Ranajoy Bhattacharjee and Nilanjan Ghosal have composed the music as well as the background score of the series. The lyrics have also been penned by Bhattacharjee and Ghosal.

The first single "Aro Poth" was released on 8 May 2026. The second single "Bhalobasar Jomi" was released on 24 May 2026.

Track listing
| No. | Title | Lyrics | Music | Singer(s) | Length |
|---|---|---|---|---|---|
| 1. | "Aro Poth" | Ranajoy Bhattacharjee | Ranajoy Bhattacharjee | Ranajoy Bhattacharjee | 4:13 |
| 2. | "Bhalobasar Jomi" | Nilanjan Ghosal | Nilanjan Ghosal | Debraj Bhattacharya | 3:54 |
| Total length: |  |  |  |  | 8:07 |

== Release ==
The film was released in the theatres on 29 May 2026.

== Marketing ==
The teaser of Phera was dropped on 26 April 2026. The trailer was released on 12 May 2026. The premiere for the film was held at the PVR INOX in South City Mall, Kolkata.

== Reception ==
=== Critical reception ===
Poorna Banerjee of The Times of India rated the film 3.5/5 stars and wrote "Phera ultimately succeeds because of its honesty. Rather than offering grand revelations, it gently reminds us that life is finite, relationships are fragile, and the people we love often matter more than the ambitions that pull us away from them." She appreciated the direction, the attention to emotional details, performances of Mishra and Chakraborty, the chemistry between them, Sohini's supporting performance, the emotional balance in the film, music, background score, cinematography, production design and the colour grading but bemoaned the excessive slow pace of the first half.

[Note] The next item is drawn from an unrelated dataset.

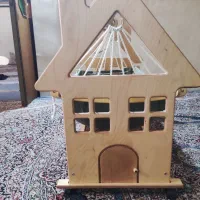 گهواره کلبه چوبی ه|اسباب و اثاث بچه|بندرعباس, |دیوار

Agnivo Niyogi of The Telegraph reviewed the film and opined "Whether it is Pannalal, Palash, Snigdha or even the people they encounter along the way, everyone seems to be searching for connection while trying to make peace with their circumstances." He praised the slow approach of the film, the mundane and quite moments, the writing, the bond between Mishra and Sarkar, performances of Mishra and Chakraborty and the supporting cast.

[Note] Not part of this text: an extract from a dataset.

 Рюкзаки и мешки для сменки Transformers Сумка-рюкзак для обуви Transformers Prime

Souvik Saha of Cine Kolkata rated the film 2.5/5 stars and highlighted "Phera is a sincere and heartfelt Bengali drama that benefits greatly from the performances, realistic storytelling and grounded approach. However, its excessive runtime, inconsistent screenplay, unresolved subplots, and weak climax prevent it from becoming a truly memorable experience." He applauded the performances of Mishra and Chakraborty, the chemistry between them, Sohini and Priyanka's supporting performances, organic writing, simplistic scenes and the cinematography but criticized the unnecessarily long screenplay, excessive subplots and loose editing.

Dharitri Ganguly of The Indulge Express reviewed the film and noted "The film felt real, nostalgic, emotional, and so, so Bengali, and something that people across two to three generations could relate to very easily." She praised the direction, the attention to details, performances of the whole cast, the element of loneliness displayed in the film and the chemistry between Sohini and Mishra. Swati Chatterjee Bhowmik of Sangbad Pratidin reviewed the film and opined Although the subject matter is not very innovative in its diversity, the director has brought this traditional problem to the fore in a different way." She appreciated the performances and Mishra's unspoken expressions but bemoaned the length and Mishra's accent in sone dialogues.